**What to work on:** For each line of the data below, copy it if it holds the word "Stockfoto".

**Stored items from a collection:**
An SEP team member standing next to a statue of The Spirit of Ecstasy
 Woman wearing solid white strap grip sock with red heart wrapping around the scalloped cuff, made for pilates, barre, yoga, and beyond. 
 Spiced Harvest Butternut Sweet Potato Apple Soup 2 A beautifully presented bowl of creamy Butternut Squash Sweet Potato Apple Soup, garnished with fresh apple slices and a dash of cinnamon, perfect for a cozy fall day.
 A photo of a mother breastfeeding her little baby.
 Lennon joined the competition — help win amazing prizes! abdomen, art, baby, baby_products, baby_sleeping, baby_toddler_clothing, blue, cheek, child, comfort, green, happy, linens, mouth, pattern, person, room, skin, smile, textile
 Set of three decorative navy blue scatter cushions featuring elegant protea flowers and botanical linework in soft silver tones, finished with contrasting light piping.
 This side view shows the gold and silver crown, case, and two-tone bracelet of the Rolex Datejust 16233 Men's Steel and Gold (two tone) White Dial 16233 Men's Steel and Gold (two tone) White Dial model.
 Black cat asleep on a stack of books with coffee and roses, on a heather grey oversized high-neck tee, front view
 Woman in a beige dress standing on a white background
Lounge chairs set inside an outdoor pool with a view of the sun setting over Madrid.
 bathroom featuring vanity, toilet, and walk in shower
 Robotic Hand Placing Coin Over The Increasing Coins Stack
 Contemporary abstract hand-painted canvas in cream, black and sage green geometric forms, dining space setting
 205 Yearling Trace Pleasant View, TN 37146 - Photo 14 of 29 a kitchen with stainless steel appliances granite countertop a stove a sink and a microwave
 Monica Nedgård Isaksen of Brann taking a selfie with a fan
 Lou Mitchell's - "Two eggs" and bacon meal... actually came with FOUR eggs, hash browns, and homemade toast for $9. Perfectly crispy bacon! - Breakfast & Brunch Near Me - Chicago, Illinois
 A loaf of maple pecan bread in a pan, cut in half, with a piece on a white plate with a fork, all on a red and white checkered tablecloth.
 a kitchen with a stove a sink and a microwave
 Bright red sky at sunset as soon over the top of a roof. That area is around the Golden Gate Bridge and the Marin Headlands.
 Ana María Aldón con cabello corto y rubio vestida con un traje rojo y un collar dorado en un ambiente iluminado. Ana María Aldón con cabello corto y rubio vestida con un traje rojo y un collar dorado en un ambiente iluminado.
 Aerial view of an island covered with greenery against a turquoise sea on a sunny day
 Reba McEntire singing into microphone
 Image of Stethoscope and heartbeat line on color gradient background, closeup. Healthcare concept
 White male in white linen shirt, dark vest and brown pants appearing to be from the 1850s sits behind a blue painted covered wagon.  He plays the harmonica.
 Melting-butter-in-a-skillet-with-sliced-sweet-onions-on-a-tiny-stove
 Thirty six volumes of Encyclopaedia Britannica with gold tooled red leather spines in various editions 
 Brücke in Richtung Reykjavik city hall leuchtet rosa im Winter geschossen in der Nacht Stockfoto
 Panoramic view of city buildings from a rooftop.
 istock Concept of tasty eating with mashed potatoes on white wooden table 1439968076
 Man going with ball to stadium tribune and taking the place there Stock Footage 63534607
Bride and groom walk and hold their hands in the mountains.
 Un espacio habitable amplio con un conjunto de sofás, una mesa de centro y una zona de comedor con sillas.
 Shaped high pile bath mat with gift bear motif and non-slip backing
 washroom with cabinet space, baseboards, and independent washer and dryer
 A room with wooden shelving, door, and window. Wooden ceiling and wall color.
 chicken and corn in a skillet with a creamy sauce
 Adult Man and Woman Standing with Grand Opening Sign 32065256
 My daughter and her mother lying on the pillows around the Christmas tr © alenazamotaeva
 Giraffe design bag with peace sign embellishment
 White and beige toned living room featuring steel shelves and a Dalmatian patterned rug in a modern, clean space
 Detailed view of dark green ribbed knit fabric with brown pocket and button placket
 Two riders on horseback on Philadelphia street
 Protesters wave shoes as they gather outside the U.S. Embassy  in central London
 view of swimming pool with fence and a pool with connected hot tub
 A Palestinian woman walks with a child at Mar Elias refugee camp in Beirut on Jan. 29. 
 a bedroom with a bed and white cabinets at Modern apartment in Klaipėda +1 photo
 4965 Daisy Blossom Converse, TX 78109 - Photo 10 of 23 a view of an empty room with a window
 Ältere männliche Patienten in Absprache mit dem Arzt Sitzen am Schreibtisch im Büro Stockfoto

**Answer to this exercise:**
 Brücke in Richtung Reykjavik city hall leuchtet rosa im Winter geschossen in der Nacht Stockfoto
 Ältere männliche Patienten in Absprache mit dem Arzt Sitzen am Schreibtisch im Büro Stockfoto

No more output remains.